Why did Main Street hate the bailout plan so much? Evolutionary psychobiology has an answer.
Last Monday, in the worst financial crisis in a century, the House voted "no." The representatives of the people, after prolonged deliberation and sometimes rancorous debate, said no, we will not appropriate $750 billion to bail out Wall Street and pick up the tab for years of reckless greed.
The financial press-not to mention the President, the Secretary of the Treasury, the head of the Federal Reserve, and the leadership of both parties-spun it differently. They said that a handful of members of Congress had declined to save the world.
But the Representatives were hearing from the people. In most districts the email and phone calls from Main Street were overwhelmingly—six to one, ten to one, even twenty to one—against the bill, and the anger in those messages was intense.
Financial bigwigs called the people stupid, and the press called the legislators selfish careerists looking only to re-election. And because there were more Republican than Democratic "no's" the Republicans were said to be even more stupid and selfish.
But look closer. First, 95 Dems joined 133 Republicans to defeat the bill; if the bill was bipartisan, so was the defeat.

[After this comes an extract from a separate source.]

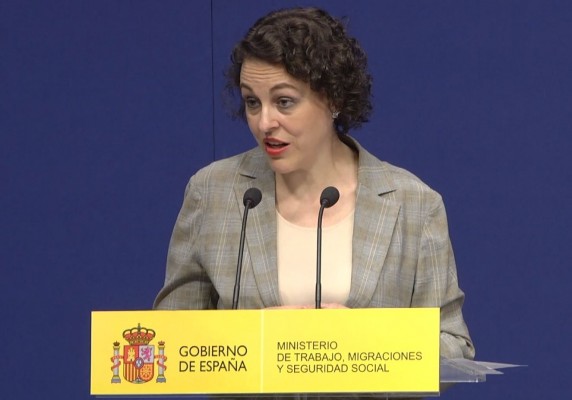 Trabajo pagará la extra de julio a los pensionistas con el préstamo estatal y no utilizará la 'hucha'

Second, the plan was no slam-dunk. Two hundred economists wrote to Congress opposing the plan. Some financial gurus said it would give us the Japanese economy of the ‘90s: prolonged agony instead of the short, sharp, cleansing pain of failure, followed by a healthy recovery.

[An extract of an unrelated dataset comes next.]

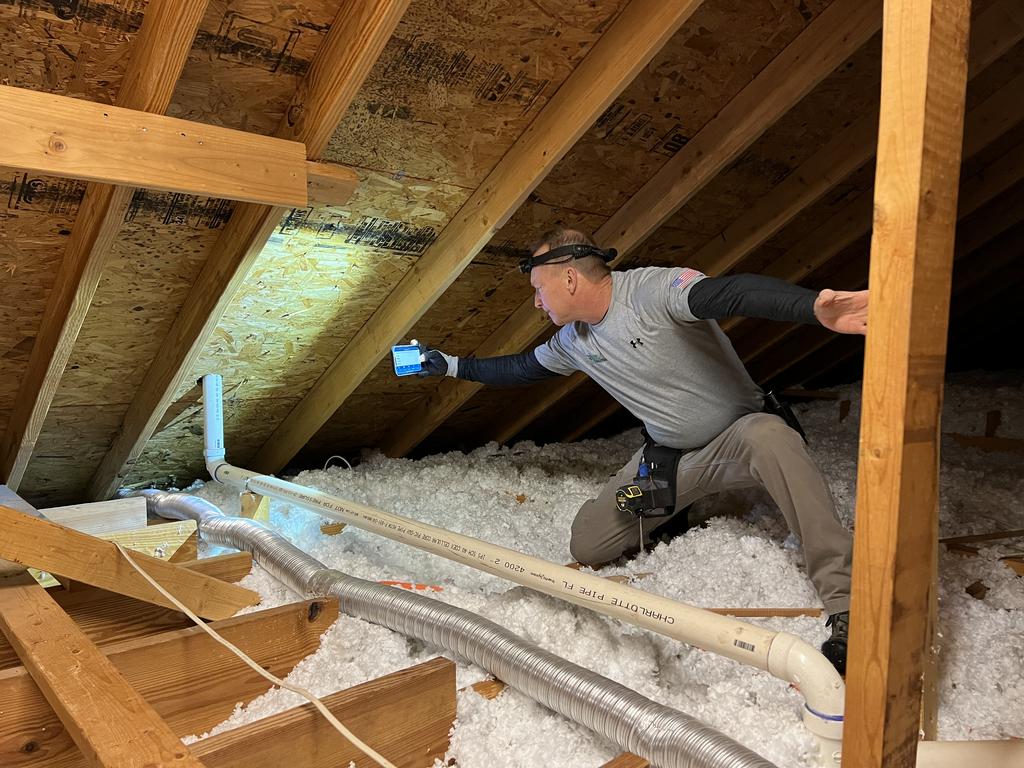  Insulation blocking soffit vents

Third, to say it was conceived in haste is the understatement of the fiscal year. The original plan submitted by the Treasury was 2½ pages long. As one opponent put it, she and her colleagues got a letter from Henry Paulson saying Dear Congress, Give me $750 billion. Love, Hank.
Fourth, the accusers showed little grasp of the Constitution. It designed a bicameral legislature with an upper chamber facing re-election every six years and a lower chamber facing the folks back home biannually.
They wanted the Senate to be above the fray of day-to-day politics, an elite group acting in reasoned judgment, not fear of popular whim; the House would be close to the people, its members more like common people themselves. If the Founders had wanted them to be un-political, they wouldn't have them facing election almost constantly.
So we can forget the idea that they should have courageously ignored their "stupid" constituents. But why so much anger and opposition from Main Street to a plan that was supposed to save Main Street?
The answer lies in a key concept of evolutionary psychology and game theory: altruistic punishment. The simplest version is the Ultimatum Game. I am given ten dollars, of which I can give you any portion. You can only accept or reject my offer, and in the latter case both players get nothing. Even when the game is played anonymously and one time only, many players reject low offers.
This makes rational choice theorists queasy. You are offered a couple of dollars free and clear, and you say no? As my mother used to say, you are cutting off your nose to spite your face. Or as game theorists put it, you are irrationally paying two dollars for the privilege of letting me know what you think of my lousy offer, even though you can't directly benefit; by inference (and this is shown in more complex games) you are paying a price to benefit others who might encounter this unfair person.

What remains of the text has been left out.